Give a Good Reason to Sign Up: In order to gain a new subscriber, you have to create a scenario in which getting your newsletter is a better deal than not getting your newsletter. You have to offer something that is worth the 15 seconds it takes to type a name and email address into your little subscriber box, worth getting the new email notification each week or month when your information is delivered, and worth the minute or two it takes to read through the email’s content. In other words, you have to work hard to demonstrate your email’s value.
People like to save money, not in theory, but in ways that they can identify and measure and prove for themselves. Including coupons in your emails, or offering a discount on products and services to first-time subscribers, tends to be more effective than just trying to convey your content’s importance or worth.

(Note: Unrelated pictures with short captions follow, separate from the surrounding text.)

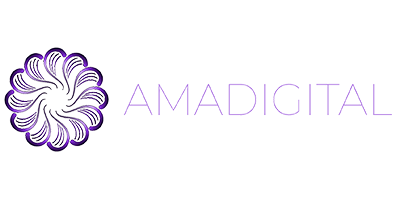 https://neuromarketing.ro/wp-content/uploads/2025/01/amadigital.png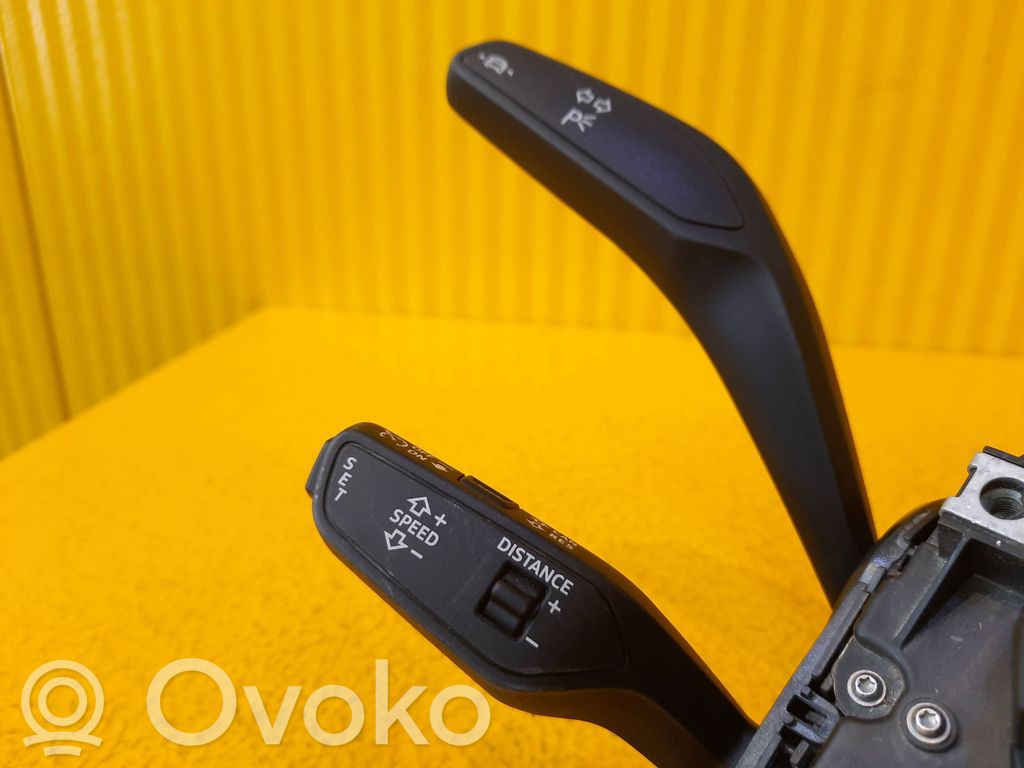 cc24184b27732dacf8dcfcdc9b4f3a  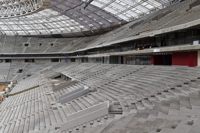 luzhniki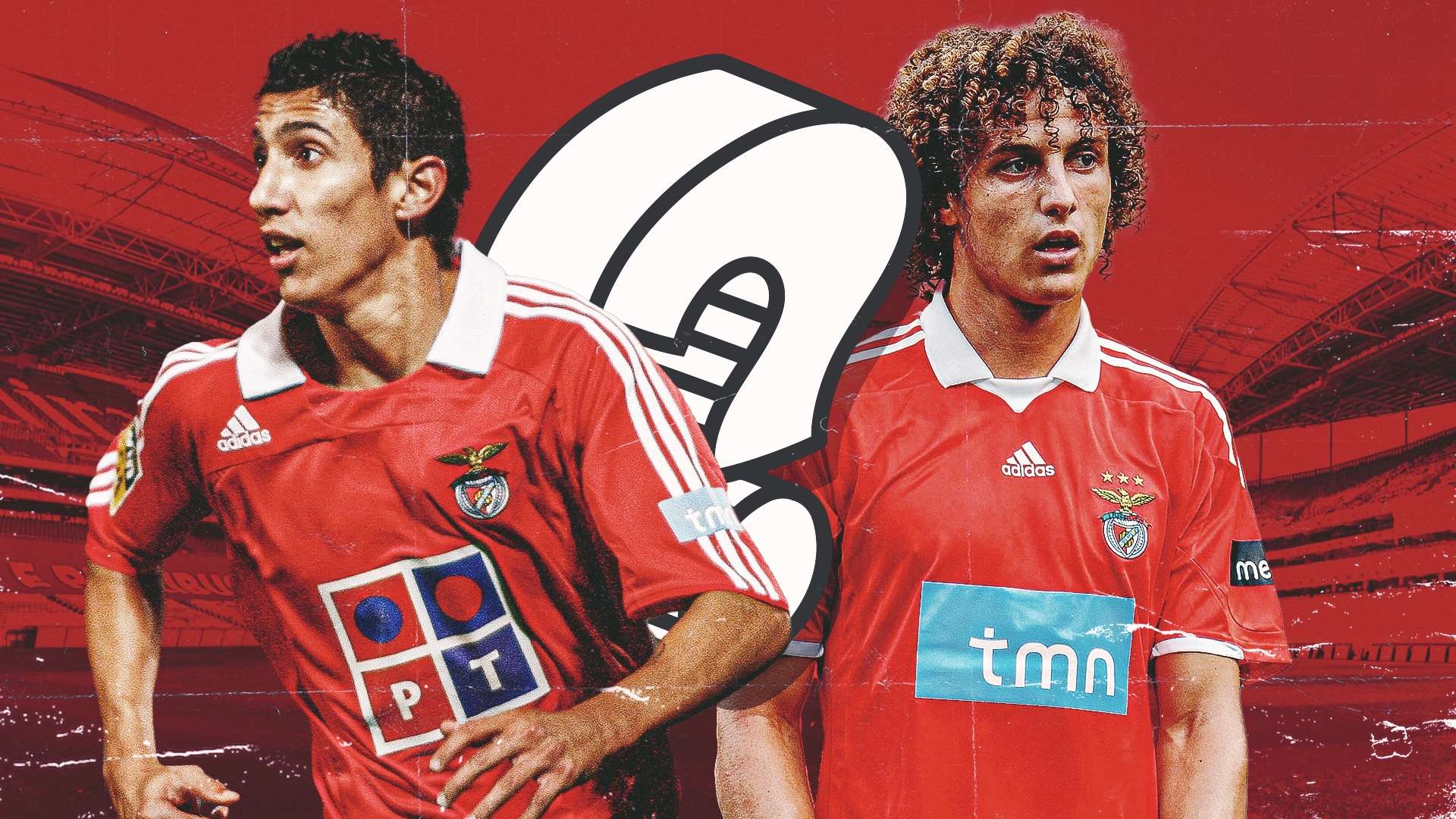 要完成這樣 要完成這樣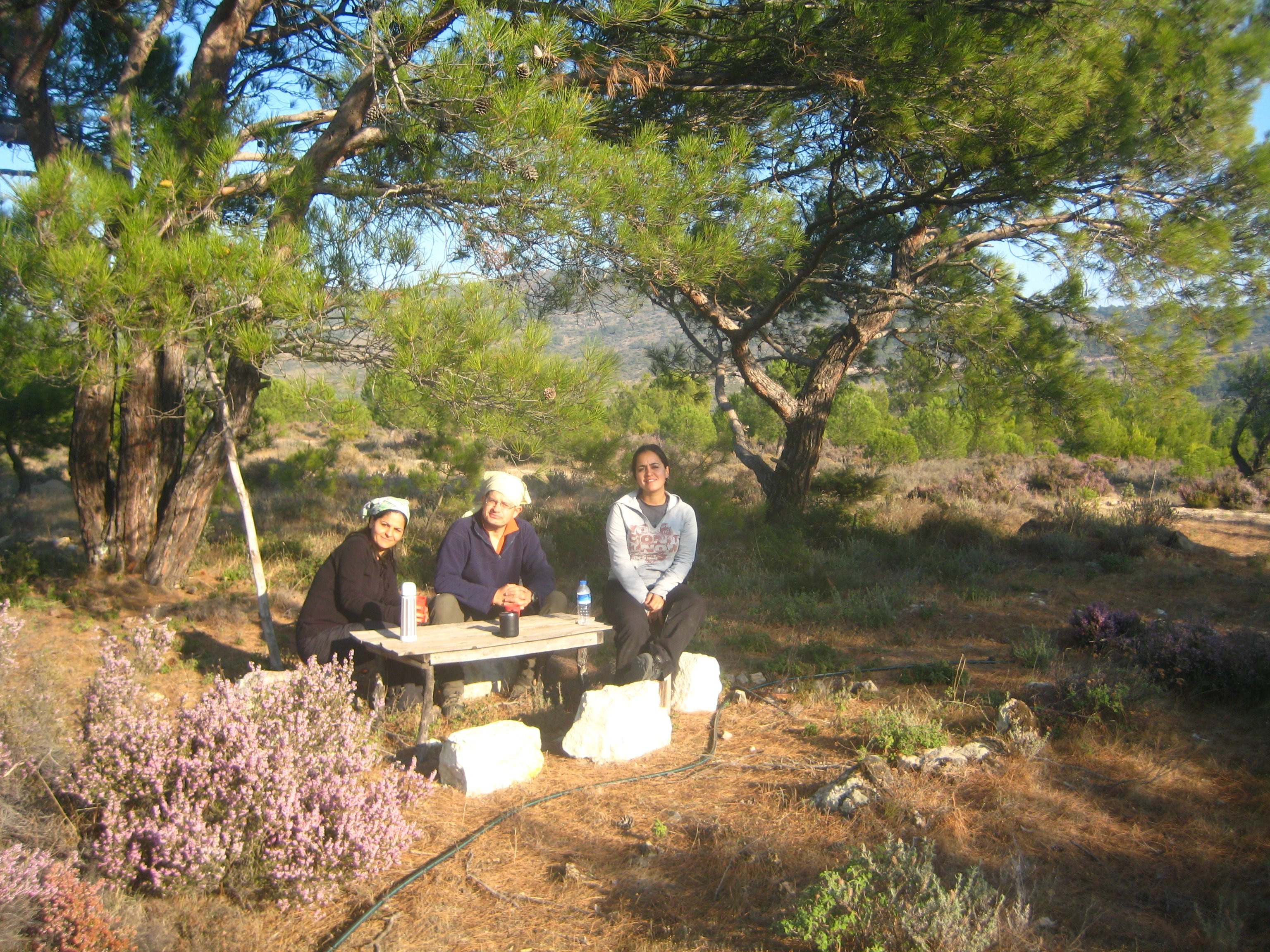 IldÃƒÂƒÃ‚Â„ÃƒÂ‚Ã‚Â±r 12 2011 GB 017.jpg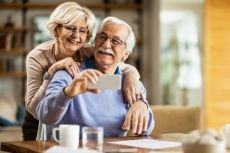 Mis-Sold Pension Transfer? Reclaim Your Losses with Claim My Loss!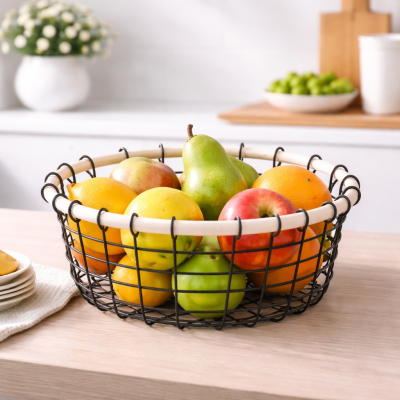 Frutera.png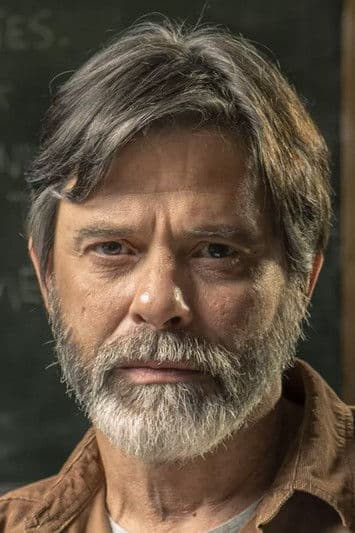 Marcos Winter profile photo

Make Signing Up Fast & Easy: Your website users shouldn’t have to spend more than a few seconds on your page before they find a place to subscribe to your email. This call to action should be made obvious and it should be placed in multiple areas throughout your site. You may want to do some A/B testing to determine the best locations. Once your user is ready to make the commitment, make the process as quick and painless as possible. The faster signing up is to complete, the more likely they are to go through with it. This is not the time to ask for demographic information, invite them to take a survey, or advertise a new product. Snag their name and email, send them a confirmation link, and be done.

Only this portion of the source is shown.